** Aim of the exercise **
Your output must be the lines below from the line containing "Shade, Lotto, Villetta" to the line containing "sanatseverlerle buluştu 8", both lines included, reproduced exactly and without pictures.

** Dataset entries **

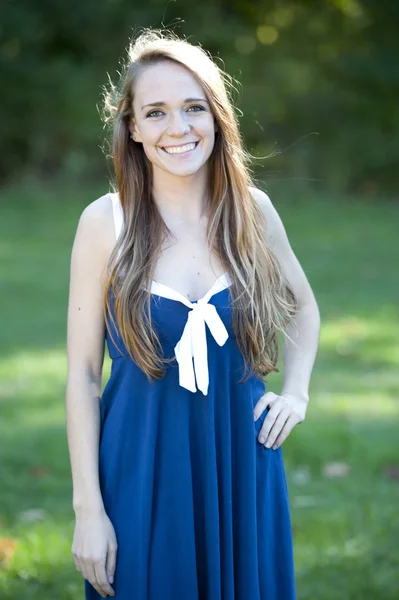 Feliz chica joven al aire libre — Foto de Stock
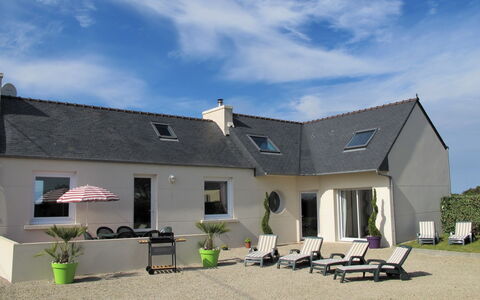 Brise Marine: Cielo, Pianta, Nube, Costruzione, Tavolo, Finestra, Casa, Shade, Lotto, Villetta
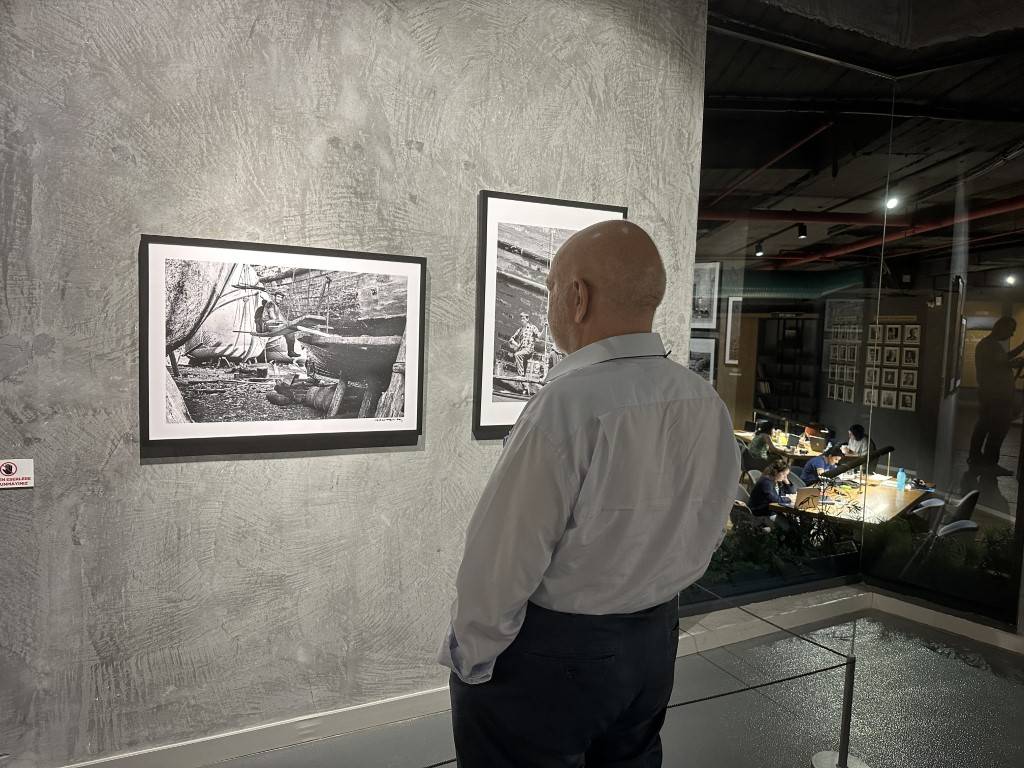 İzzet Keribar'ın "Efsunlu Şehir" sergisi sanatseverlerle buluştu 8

---

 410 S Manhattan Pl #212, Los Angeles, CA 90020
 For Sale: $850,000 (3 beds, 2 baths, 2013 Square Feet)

** The answer **
 Brise Marine: Cielo, Pianta, Nube, Costruzione, Tavolo, Finestra, Casa, Shade, Lotto, Villetta
 İzzet Keribar'ın "Efsunlu Şehir" sergisi sanatseverlerle buluştu 8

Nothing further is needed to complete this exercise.